Глагольные рифмы
Нам всем кажется, что мы уникальны. Но на самом деле мы, как морозы и розы, рифмуемся со многим, подчас удивительно банальным. И Путин с ядерной клюкой в руках — не исключение.
Путин и Шура Балаганов
Понятно, что путинское последнее китайское предупреждение Западу — это Балаганов, который попался за кражу кошелька сразу после того, как разбогател, встретив Бендера. Зачем Балаганов украл, понятно. Нам подходит и наиболее распространённая версия: по инерции. Сработали рефлексы. Сразу после встречи с командором Балаганова обуревают восторженные чувства. Путин тоже всю первую часть говорит о деньгах, счастливой старости, прекрасном будущем. Но во второй части натура берет своё: Балаганов лезет в чужую сумочку, Путин пугает малознакомых ему граждан, как человек из подворотни. Возможно, он тоже хотел продолжить раскрашивать цветные картинки, но наглость — вторая натура, и взялся за старое: лохов брать на гоп-стоп.

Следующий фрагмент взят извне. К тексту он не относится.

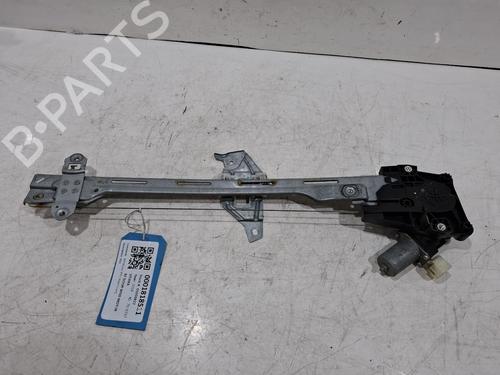 rudehejsemekanisme-hjre-foran-suzuki-vitara-ly-2015-38680779 main image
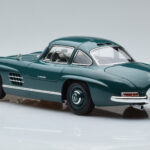 Mercedes 300 SL W198 Gullwing Grøn Norev 1:18 - image 6 of 7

Вторая интерпретация алогичной кражи в трамвае похожа на первую, но все же отличается: от счастья Балаганов поплыл и стал самим собой. То есть стал делать то, что лучше всего умеет и любит: воровать. Вова не имеет такой высокой квалификации, как карманник, но и с ним счастье — после того, как он наобещал соотечественникам с три короба — сыграло дурную шутку. Он стал делать то, что любит: пугать других людей смертью лютой. Но здесь каждому по способностям.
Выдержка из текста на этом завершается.